Johann Sebastian Bachs Kirchenkantaten zählen zum Herz seines Schaffens im Bereich der geistlichen Musik. Es gibt praktisch keine Kantate, die als minderwertig einzustufen ist. Besondere Merkmale sind die sinnhafte Untermalung des zu vertonenden Textes sowie die ausgefeilte Instrumentierung. Selbst aus den Kantaten, für deren Komposition er nur wenig Zeit hatte, schuf er wahre Meisterwerke. So nimmt es nicht wunder, dass diese Stücke bis heute zum festen Bestandteil des Konzertlebens gehören.
Die vorliegende CD enthält insgesamt vier Pfingstkantaten. Eingespielt werden sie durch den Monteverdi Choir sowie die English Baroque Soloists unter der Leitung des großartigen John Eliot Gardiner, und zwar im Rahmen der sogenannten Bach Cantata Pilgrimage. Die Aufzeichnung fand 1999 in der Kirche St. John's in London statt. Die Aufnahmequalität ist ausgezeichnet.
Wie zu erwarten, so zeichnen sich die Pfingstkantaten dadurch aus, dass sie die Ankunft des Heiligen Geistes inbrünstig und kräftig zelebrieren. Die Kantate "Erschallet, ihr Lieder" BWV 172, die hier als erste dargeboten wird, ist ein herausragendes Beispiel hierfür. Bach setzt vermehrt Pauken und Blechbläser ein, die die Freude der Gläubigen unterstreicht. Von besonderer Schönheit ist das Duett zwischen Sopran und Kontertenor, das die Wechselbeziehung zwischen Christ und Erlöser darstellt.

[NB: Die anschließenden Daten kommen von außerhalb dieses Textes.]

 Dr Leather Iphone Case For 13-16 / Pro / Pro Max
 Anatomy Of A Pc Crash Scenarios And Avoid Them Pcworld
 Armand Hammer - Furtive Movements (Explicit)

Die Kantate "Wer mich liebet, der wird mein Wort halten" BWV 59 wird durch die Orchesterleistung zu einem wahren Hochgenuss. Das Musizieren auf historischen Instrumenten und im kleinen, authentischen Ensemble sorgt dafür, dass die Interpretation atmet und lebt. Der helle, lautere Klang gepaart mit den dynamischen Nuancierungen sowie den farbigen Akzenten macht die Darbietung spannend und mitreißend. Vollkommene Transparenz, flotte Tempi und balancierte Differenziertheit übermitteln den christlichen Fanatismus zur Pfingstzeit.
Bach schrieb noch eine weitere Kantate BWV 74 selben Titels, die allerdings mit BWV 59 nur sehr wenig gemein hat. Auffällig sind hier die gelungene Ausgewogenheit und die geschmackvolle, dezente Instrumentierung der Arien und Rezitative. Es ist ein brillantes Beispiel für das Gespür des Thomaskantors für die effektvolle Umsetzung des geistigen Materials, wenn er kammermusikalische Intimität und Schlichtheit an majestätischen Orchesterjubel reiht.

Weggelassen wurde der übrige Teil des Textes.